The term "non-profit" does not imply that a corporation with this status cannot make money. There are, however, a number of restrictions on how such a corporation can use earnings. Congress and the Internal Revenue Service have laid down certain parameters that an organization must follow in order to qualify as a nonprofit corporation. One major parameter states that profits cannot be distributed among its directors, officers, or members that are responsible for managing the affairs of the organization. While shareholders of for-profit corporations are entitled to get stock in exchange for their capital investments, and thus receive a return on their investment by way of dividends. The organization can use its tax free profits to cover operating expenses, such paying salaries. Due to its exempt status, filing of regular tax returns may not be required if the corporation's gross annual income remains below $25,000. Receiving donated goods worth over $5000 and disposal of donated goods worth over $2500 would require filing special purpose tax returns. All assets of a non-profit corporation are required to be dedicated to the tax exempted purpose for which it is formed. This implies that in case of its dissolution the assets need to be distributed to some other tax-exempt 501(c) organization. Failure to comply by these requirements could result in the organization losing its tax-exempt status. All activities of the corporation must be strictly related to nonprofit purposes. Organizations that come under the tax-exempt category include labor organizations, business leagues, real-estate.
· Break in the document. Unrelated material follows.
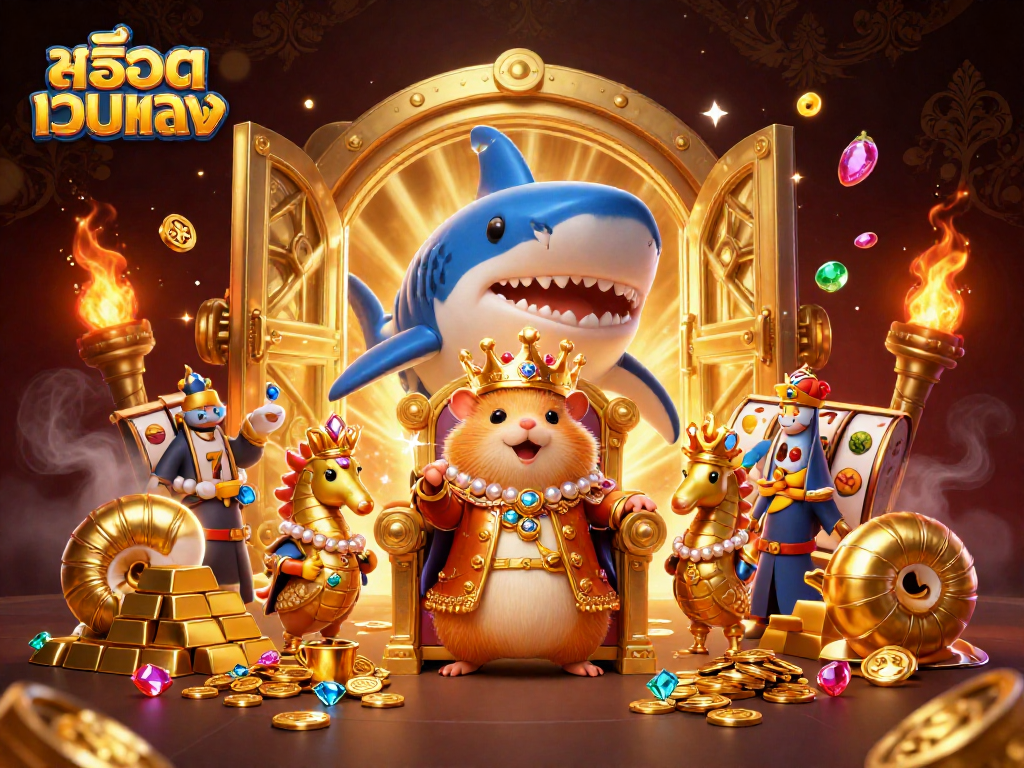 Experience thrilling gameplay at สล็อตเว็บตรง with a dazzling scene featuring a hamster king and treasure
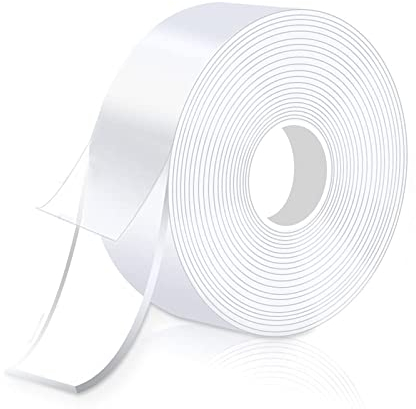 SonoReno Transparentes doppelseitiges Klebeband, Nanotape, waschbar, wiederverwendbar, zum Aufkleben von Fotos, Postern, Teppichen, Dekorationen, Kulissengestaltungen etc.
One of the often-quoted advantages of non-profit corporations involves their tax status. A non-profit corporation can seek exemption from various federal and state income taxes under Section 501(c) of the Internal Revenue Code. This is one reason why non-profit corporations are also referred to as 501(c) corporations. This kind of tax rebate not only covers the income generated by the corporation, but also applies to all the donations it receives. It is therefore a beneficial situation for both the corporation and its donors who get tax exemption for their contributions.